• Work to be completed: Print out every line of the material exactly. Include no pictures.

• Information supplied:
>>>

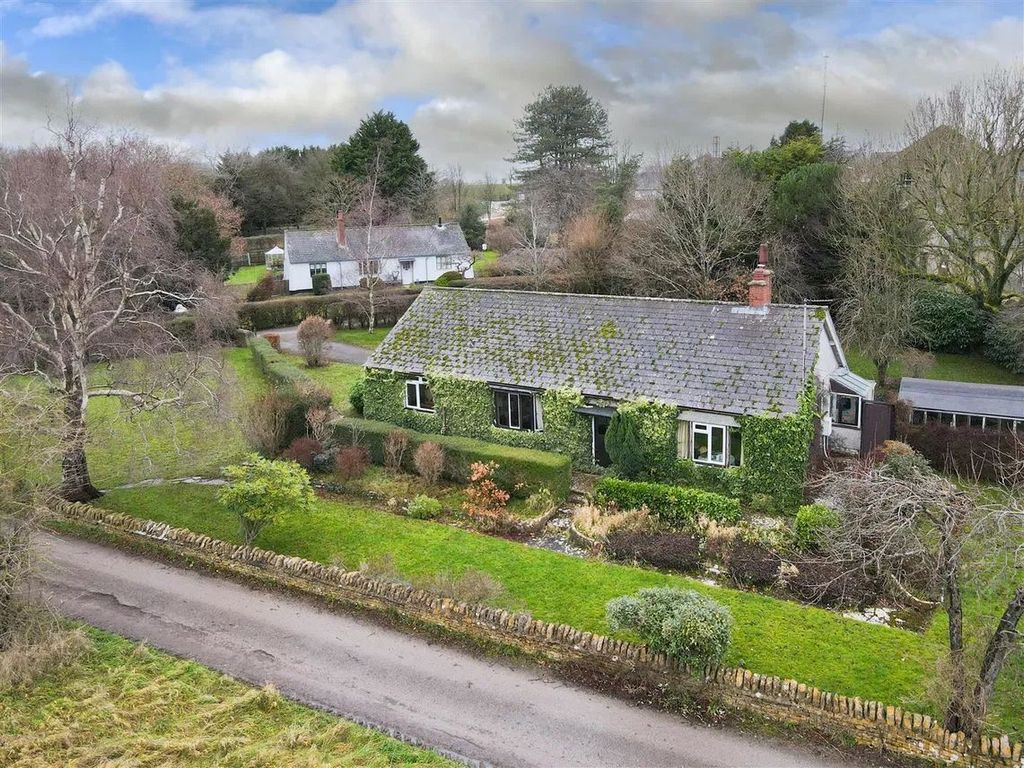 Property photo 3 of 5
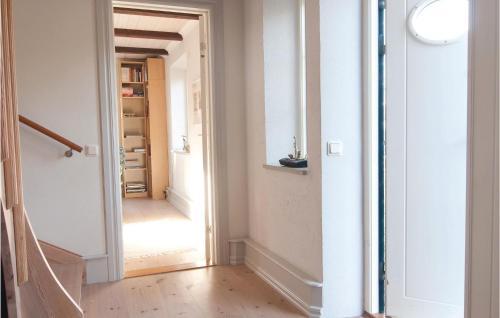 Four-bedroom Holiday Home In Larbro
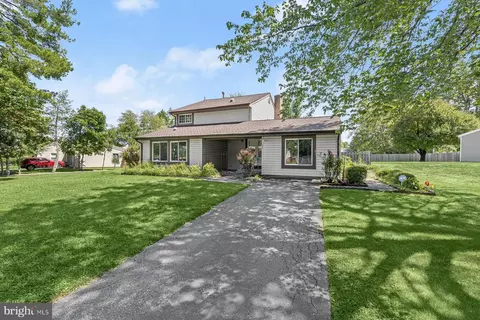 1223 Pickering Cir, Upper Marlboro, MD 20774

<<<

• Solved exercise:
 Property photo 3 of 5
 Four-bedroom Holiday Home In Larbro
 1223 Pickering Cir, Upper Marlboro, MD 20774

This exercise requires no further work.